The issue leading up to Invincible Iron Man #100 has so much happening in it and so many players that you may feel a little taxed in trying to put all of its pieces together. It's no wonder Tony Stark has a heart condition, with all that he's asked to keep track of while also suiting up as Iron Man and putting out all the fires he has to manage. But let's see if we can break it down in order to bring you up to date:
  • The Mandarin has returned from the dead--and after we were so certain that the Yellow Claw had finally punched his ticket;
  • Senator Hawk from Washington is pressuring Stark to be interviewed, following up on information that accuses Stark of bribing Japanese officials for the purpose of selling intelligence systems abroad;
  • Det. Michael O'Brien, who holds Stark responsible for the death of his brother, Kevin, has attacked Iron Man in the Guardsman armor, the same armor that led to Kevin's death;
  • Due to the return of his heart condition, Stark is forced to cast a new suit of Iron Man armor, redesigned to include circuitry that keeps his heart from failing while in battle;
  • The ultra-nationalistic mutant, Sunfire, attacks Stark's factory complex, believing the criminal charges against Stark--and with his new armor not yet ready, Stark engages Sunfire as the Guardsman;
  • O'Brien becomes convinced of Stark's innocence, grabs the new Iron Man suit, and races to help Stark against Sunfire;
  • Stark, his chest in agony due to the Guardsman armor not having any support for his injured heart, takes the opportunity to get back to his lab to don the new suit, only to find it missing--and in desperation, seeks out his older armor with its life-support chestplate, guided to it by... Madame Masque!?
  • Both Sunfire and O'Brien are astonished when a teleportation beam whisks O'Brien (still in the new Iron Man suit) away;
  • Sunfire resumes his attack on the factory, only to be engaged by the "original" red- and gold-suited Iron Man; and finally...
  • Jeez! Does anybody need some Dramamine before dizziness sets in??
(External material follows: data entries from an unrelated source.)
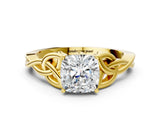 Yellow gold Cushion Cut Diamond Solitaire Celtic Knot Ring with Four-Prong Setting_91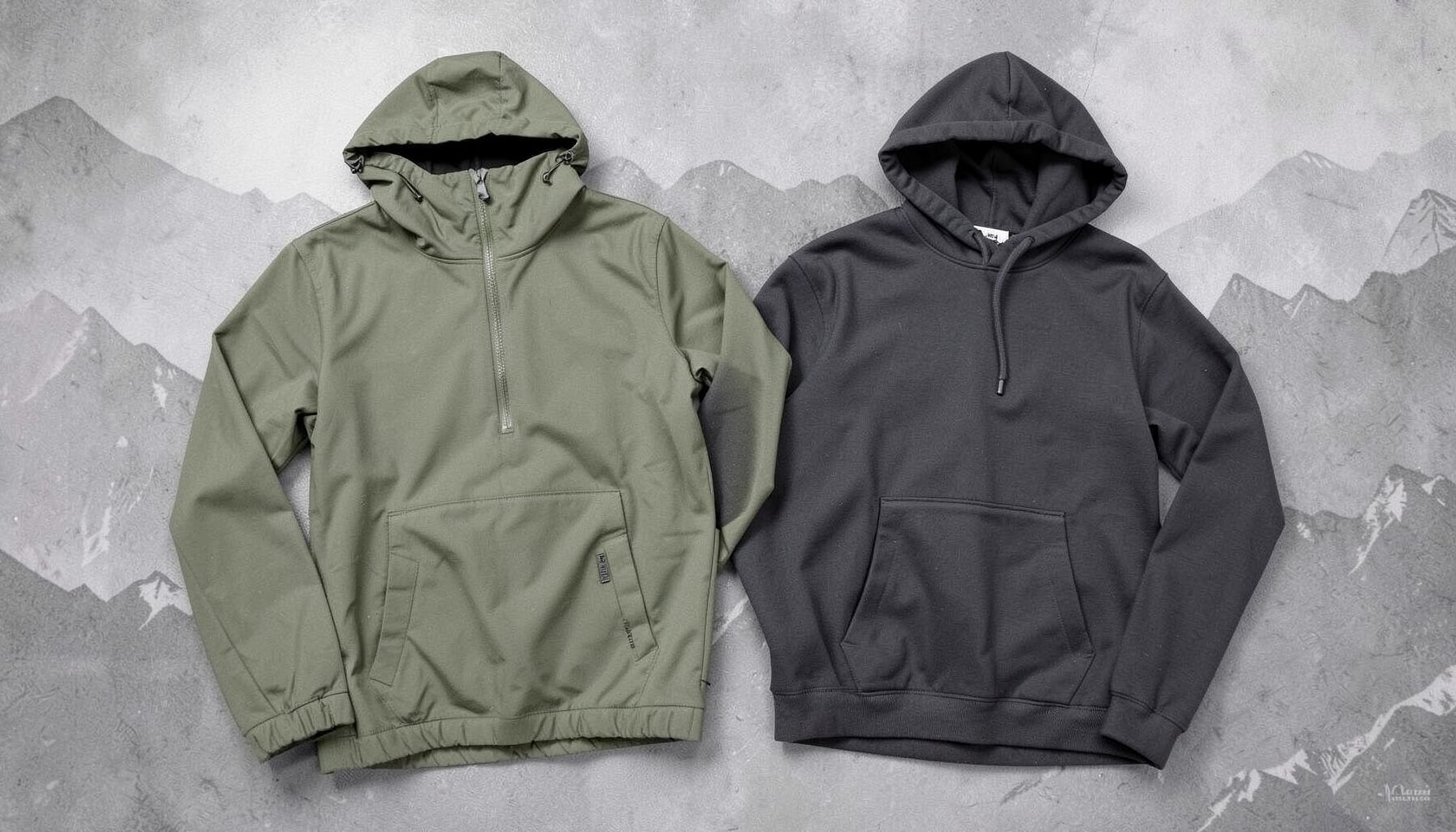 Men's outdoor jacket and hoodie in muted olive and charcoal tones, laid out on textured grey background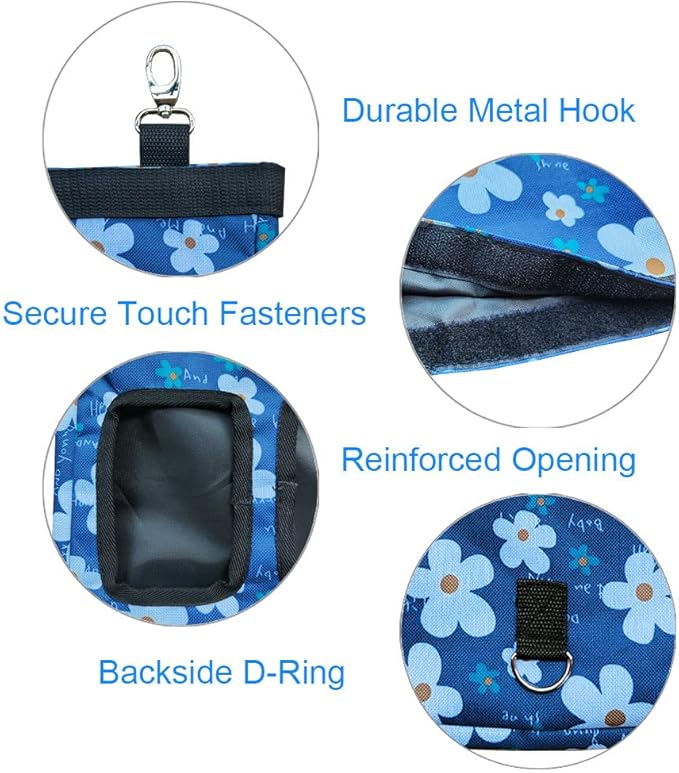 Guinea Pig Hay Feeder, Hanging Rabbit Hay Feeder Bag for Guinea Pigs Bunnies Chinchillas. Blueflower, 2 Count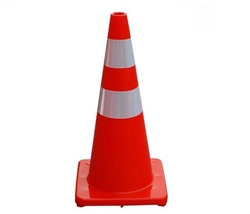 28" Flexible Orange PVC Safety Cone Road Barr ...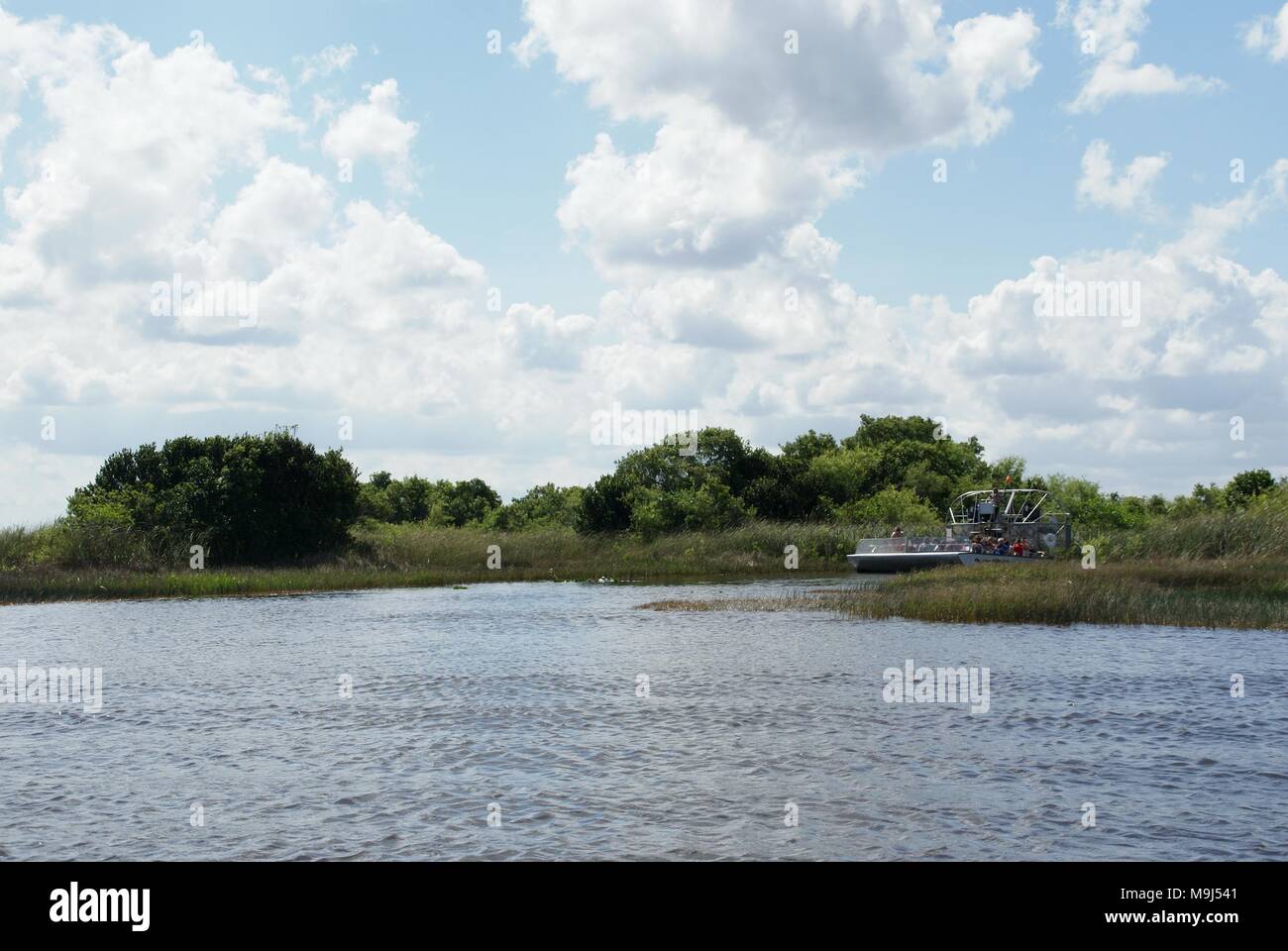Excursion en bateau dans les Everglades en Floride, météo ensoleillée Banque D'Images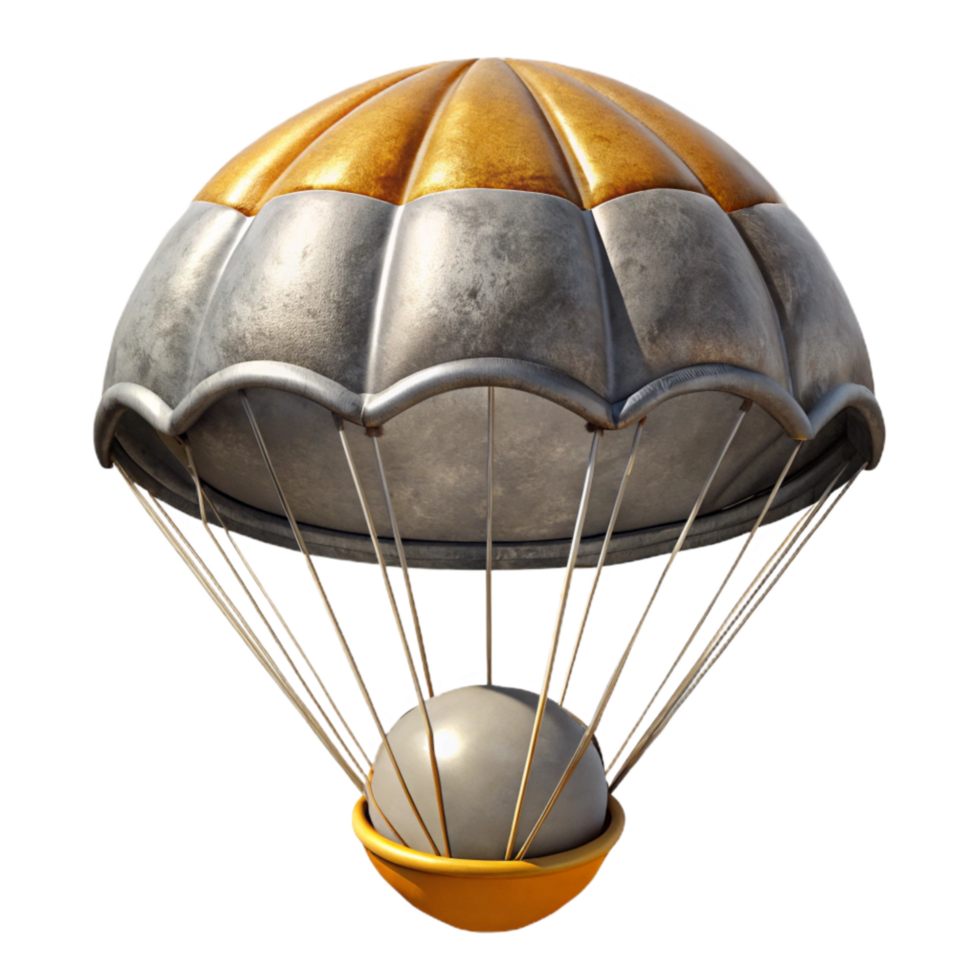 elegant abstract Space Capsule Parachute Deployment Isolated high quality png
There's also the surprise cover to this issue by artist John Buscema, who's drawn Iron Man enough in the pages of The Avengers but to my knowledge has never stepped in as artist on the character's own title. (What other characters' series has Buscema declined? Dr. Strange... Incredible Hulk... Captain America... X-Men and its numerous spin-offs... The Defenders... Marvel Team-Up... quite a few, it seems.) Here, he rewrites the laws of engineering and features the mask of Iron Man actually grimacing.

But we'll have to wait awhile to find out how Iron Man became trapped by the Mandarin, because he still has the hot-headed Sunfire to deal with. And as we can see, the issue's splash page only has room to tell a fraction of what's been happening to Stark and Iron Man--and there's a lot more story development waiting in the wings!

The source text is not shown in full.